As expected, China stated they would retaliate against further U.S. tariffs and wouldn’t be bullied into a trade deal. Fears of an escalating trade war sent stocks and Treasury yields lower in early trading.
July’s Nonfarm Payroll report met expectations with a +164k headline print, but under the covers, the report wasn’t very strong. The BLS Birth-Death model, which estimates the number of new businesses started, counted for +148k of those jobs. The prior two months were revised lower by -41k jobs. When prior payroll reports are being revised lower, it is not a sign of strength.
Average hourly earnings came in higher than expected at +0.3% MoM versus expectations of a +0.2% MoM increase. On an annualized basis, wages are growing at a +3.2% rate. Average weekly hours fell to 34.3, the lowest level since 2011, which equates to -211k jobs lost. The unemployment rate held steady at 3.7%. Today’s payroll report is much weaker than its headline suggests.

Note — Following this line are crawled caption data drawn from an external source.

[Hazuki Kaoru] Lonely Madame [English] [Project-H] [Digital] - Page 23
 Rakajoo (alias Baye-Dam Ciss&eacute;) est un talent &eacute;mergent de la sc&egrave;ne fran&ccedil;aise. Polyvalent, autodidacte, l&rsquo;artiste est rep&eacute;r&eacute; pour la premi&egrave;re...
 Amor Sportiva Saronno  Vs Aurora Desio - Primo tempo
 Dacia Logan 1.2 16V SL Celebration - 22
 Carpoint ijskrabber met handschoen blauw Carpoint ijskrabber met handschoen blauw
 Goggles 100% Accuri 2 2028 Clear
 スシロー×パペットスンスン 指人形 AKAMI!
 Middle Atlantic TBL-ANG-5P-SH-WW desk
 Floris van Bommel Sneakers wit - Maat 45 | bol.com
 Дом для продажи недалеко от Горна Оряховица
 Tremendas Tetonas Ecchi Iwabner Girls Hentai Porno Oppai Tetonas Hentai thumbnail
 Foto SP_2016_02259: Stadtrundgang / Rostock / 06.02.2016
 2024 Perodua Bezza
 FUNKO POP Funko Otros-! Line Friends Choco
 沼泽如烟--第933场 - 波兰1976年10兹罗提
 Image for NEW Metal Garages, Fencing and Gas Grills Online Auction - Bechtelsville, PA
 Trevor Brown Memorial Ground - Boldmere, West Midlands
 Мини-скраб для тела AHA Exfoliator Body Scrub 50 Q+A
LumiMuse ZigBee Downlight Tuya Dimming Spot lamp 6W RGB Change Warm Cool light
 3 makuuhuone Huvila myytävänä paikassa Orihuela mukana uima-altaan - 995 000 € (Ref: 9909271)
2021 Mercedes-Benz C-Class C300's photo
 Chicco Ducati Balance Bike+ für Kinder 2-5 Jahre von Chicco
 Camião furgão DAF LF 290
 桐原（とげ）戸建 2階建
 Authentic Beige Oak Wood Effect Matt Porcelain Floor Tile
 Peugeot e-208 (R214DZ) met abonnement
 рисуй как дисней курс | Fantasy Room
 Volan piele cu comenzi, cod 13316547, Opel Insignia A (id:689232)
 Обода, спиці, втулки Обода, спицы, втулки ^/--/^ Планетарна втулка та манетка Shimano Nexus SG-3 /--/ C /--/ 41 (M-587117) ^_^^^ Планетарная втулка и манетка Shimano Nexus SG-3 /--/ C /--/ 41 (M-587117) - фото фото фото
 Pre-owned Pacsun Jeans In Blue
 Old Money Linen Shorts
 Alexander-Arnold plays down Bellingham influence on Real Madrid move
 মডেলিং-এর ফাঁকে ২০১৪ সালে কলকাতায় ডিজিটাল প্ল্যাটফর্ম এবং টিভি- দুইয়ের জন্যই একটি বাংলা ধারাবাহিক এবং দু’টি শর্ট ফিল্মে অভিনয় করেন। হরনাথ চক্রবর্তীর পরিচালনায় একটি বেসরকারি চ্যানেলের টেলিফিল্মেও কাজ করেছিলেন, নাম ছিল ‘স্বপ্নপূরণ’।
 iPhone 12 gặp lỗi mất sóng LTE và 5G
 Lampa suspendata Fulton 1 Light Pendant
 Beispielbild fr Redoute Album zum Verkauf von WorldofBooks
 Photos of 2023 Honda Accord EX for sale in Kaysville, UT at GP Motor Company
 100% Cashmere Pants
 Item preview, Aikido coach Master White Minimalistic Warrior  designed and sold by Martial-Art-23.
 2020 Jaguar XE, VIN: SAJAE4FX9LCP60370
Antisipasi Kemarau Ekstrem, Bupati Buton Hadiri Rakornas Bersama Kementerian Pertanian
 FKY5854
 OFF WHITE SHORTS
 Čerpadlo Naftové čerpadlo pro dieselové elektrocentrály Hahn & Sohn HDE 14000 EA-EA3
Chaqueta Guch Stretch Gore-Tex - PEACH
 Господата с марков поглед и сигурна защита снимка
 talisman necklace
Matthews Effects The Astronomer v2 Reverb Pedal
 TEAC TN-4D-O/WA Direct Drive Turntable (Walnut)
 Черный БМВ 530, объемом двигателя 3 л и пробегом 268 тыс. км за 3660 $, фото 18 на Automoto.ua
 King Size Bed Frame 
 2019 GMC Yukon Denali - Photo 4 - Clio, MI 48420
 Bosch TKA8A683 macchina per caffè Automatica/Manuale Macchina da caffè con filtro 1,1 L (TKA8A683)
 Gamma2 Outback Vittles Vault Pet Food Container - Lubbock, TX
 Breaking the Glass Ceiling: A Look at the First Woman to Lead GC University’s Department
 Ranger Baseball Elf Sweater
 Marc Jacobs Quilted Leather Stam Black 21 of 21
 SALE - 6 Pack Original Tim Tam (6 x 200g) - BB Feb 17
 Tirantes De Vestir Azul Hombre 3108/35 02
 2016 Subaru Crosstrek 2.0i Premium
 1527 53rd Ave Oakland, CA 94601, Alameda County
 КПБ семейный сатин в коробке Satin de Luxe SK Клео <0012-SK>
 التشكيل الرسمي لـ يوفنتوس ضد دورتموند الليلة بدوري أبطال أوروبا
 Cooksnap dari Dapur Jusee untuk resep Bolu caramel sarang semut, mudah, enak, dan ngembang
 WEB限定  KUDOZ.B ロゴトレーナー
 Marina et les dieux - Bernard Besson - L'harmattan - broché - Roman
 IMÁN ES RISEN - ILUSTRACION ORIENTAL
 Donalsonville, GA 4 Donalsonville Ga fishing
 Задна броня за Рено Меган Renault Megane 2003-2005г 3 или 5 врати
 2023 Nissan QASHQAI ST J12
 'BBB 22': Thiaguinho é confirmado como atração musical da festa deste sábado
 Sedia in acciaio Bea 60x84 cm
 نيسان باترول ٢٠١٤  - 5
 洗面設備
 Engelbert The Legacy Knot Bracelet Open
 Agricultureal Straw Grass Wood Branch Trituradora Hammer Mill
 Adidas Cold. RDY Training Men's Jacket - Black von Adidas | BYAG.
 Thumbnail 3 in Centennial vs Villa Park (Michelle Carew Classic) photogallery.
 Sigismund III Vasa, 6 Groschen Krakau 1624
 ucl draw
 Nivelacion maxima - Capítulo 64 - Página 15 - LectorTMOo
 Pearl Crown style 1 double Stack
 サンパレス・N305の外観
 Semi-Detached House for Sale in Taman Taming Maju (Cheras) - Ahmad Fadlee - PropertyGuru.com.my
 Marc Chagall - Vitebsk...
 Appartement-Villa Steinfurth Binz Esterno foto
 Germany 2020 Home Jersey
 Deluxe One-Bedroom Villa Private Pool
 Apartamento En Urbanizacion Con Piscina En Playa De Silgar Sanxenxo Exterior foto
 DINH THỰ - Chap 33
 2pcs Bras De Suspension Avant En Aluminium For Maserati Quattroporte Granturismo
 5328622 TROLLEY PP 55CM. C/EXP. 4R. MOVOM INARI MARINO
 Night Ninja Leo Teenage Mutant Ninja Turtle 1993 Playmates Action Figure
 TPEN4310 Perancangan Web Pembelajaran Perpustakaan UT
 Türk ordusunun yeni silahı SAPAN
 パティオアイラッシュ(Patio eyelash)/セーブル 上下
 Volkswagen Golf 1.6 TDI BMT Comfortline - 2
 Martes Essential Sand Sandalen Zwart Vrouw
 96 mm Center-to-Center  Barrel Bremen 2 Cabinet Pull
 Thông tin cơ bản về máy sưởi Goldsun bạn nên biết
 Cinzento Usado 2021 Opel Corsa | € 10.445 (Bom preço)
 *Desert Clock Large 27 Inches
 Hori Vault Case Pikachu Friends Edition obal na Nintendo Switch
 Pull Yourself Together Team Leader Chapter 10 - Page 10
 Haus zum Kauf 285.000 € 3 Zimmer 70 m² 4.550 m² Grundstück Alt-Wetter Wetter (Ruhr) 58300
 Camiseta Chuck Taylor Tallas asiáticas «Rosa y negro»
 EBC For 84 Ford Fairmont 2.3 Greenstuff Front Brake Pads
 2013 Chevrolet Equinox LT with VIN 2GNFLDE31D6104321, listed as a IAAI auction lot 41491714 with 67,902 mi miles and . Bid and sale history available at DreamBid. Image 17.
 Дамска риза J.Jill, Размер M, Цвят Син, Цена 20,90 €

The U.S.-China trade deficit hit its 5-month high as President Trump looks to add more tariffs on September 1st. Exports to China are down -18.1% this year and imports are down -12.2%. Petroleum exports, when adjusted for inflation, reached an all-time high.
Factory Orders contracted for the second straight month on an annualized basis, despite a +0.6% MoM gain. May’s Factory Orders were revised lower to -1.3% MoM. Based on the relationship between Factory Orders and Manufacturing PMIs, Factory Orders are likely to fall in the months to come.
Markets were mostly a sea of red today as liquidity dried up. The S&P 500, Nasdaq-100 and DJIA managed to close above their 50-day moving averages, but the Russell 2000 didn’t. Treasury yields were lower across the board as investors look towards government bonds as a flight to safety. Thirty-year Treasury yields are below where they were during the Presidential election.
Physical gold is trying to move higher, but Emerging Markets stocks are indicating that gold should be headed lower. Gold mining stocks were down slightly, while silver miners down quite a bit. Oil and gas producing stocks closed the week lower despite crude oil making a rebound from yesterday’s large drop.
Agricultural commodities are trying to form a bottom ahead of the USDA’s August 12th report that should fix the overly optimistic projections from their prior report. Lumber prices, a strong indicator for both stocks and inflation, are back at their 1-year low and if they fail to hold their current price level, will fall off a technical cliff.